I have an LG flatron wide monitor. I was previously using it with a HP computer (and had no problems whatsoever) but have now upgraded to a new computer. 
Since we changed the tower the picture on my monitor randomly and frequently shakes, almost as though it is trying to self-adjust. Sometimes it also goes into 'power saving mode' for just a few seconds. 
We have replaced the cord, and it's in there good. 

Any ideas?? It is very hard to get any work done with this problem. Any input will be greatly appreciated.

Thanks in advance,

Kaitlin


----------



## Tosinv (Dec 1, 2009)

Please check the refresh rate the monitor is set to. You can do this by going to Display Properties. Also Please post your system specs Like Video Card, CPU. Power Supply et etc.......


----------



## Tyree (May 10, 2009)

Please post the PC Specs.
Pre-Built Brand & Model Number
Custom Built-Brand & Model of Mobo-CPU-RAM-Graphics-PSU.


----------



## ktrain (Dec 3, 2009)

My PC is a Gateway FX 6801, Graphics card is by Nvidia "GE force gtx 285". Power supply... it's plugged into the wall outlet, is that what you mean? I'm sorry I don't really know how to check these things.
It's a pretty monstorous computer, it was made for gaming.
intel core 17cpu [email protected] Ghz
ram 12 gb, 64 bit operating system on windows vista (windows 7 is being shipped..soon i hope!)
60 hz refresh rate 

Kaitlin


----------



## Tosinv (Dec 1, 2009)

i would say with that type of Configuration you should be having a good power supply. Slide the door of the system and check which Power supply you got.

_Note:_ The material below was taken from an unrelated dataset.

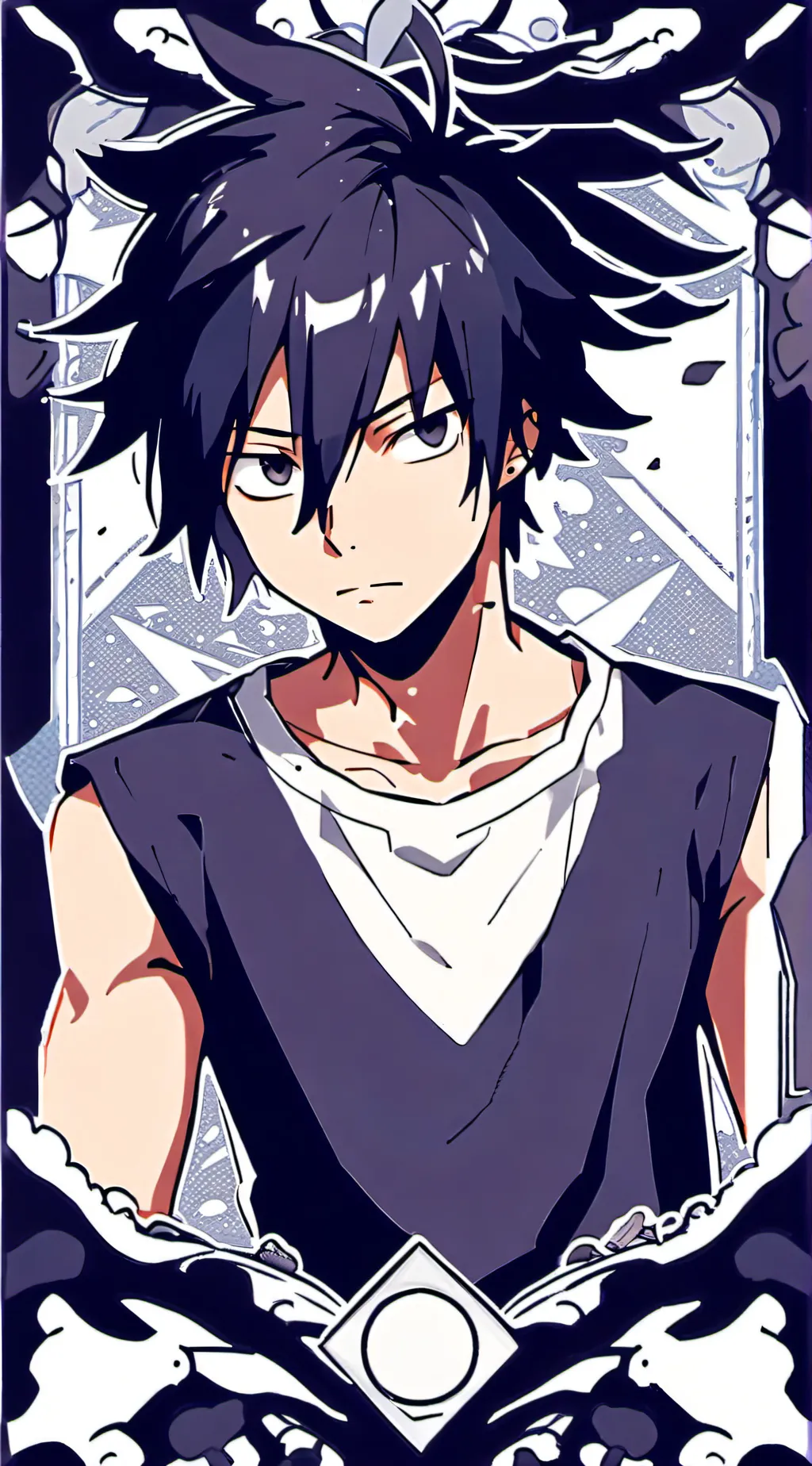 ai character: Gray  background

There should be a sticker mentioning everything for the PSU......

Thanks


----------



## ktrain (Dec 3, 2009)

The only thing in that sliding door is an empty space for additional drives. The only stickers on my computer say (Windows vista, nvida graffics, intel Core; all logos only) A gateway sticker with an overview of the PC (overview of operating system, video specs, optical drive, processor, memory, hard drive, and compatible memory cards) then the windows sticker that has the certificate of authenticity and serial number, Then a green Gateway sticker that says: model FX6801 rating 100-120/220-240VAC,10/5.5A (10/5,5A),60/50HZ. Is there anyway to look it up on my computer what the power supply is?

Kaitlin


----------



## dai (Jul 2, 2004)

you need to be up here

http://www.newegg.com/Product/Produ...er+Supplies-_-Corsair+Memory++Inc.-_-17139009


----------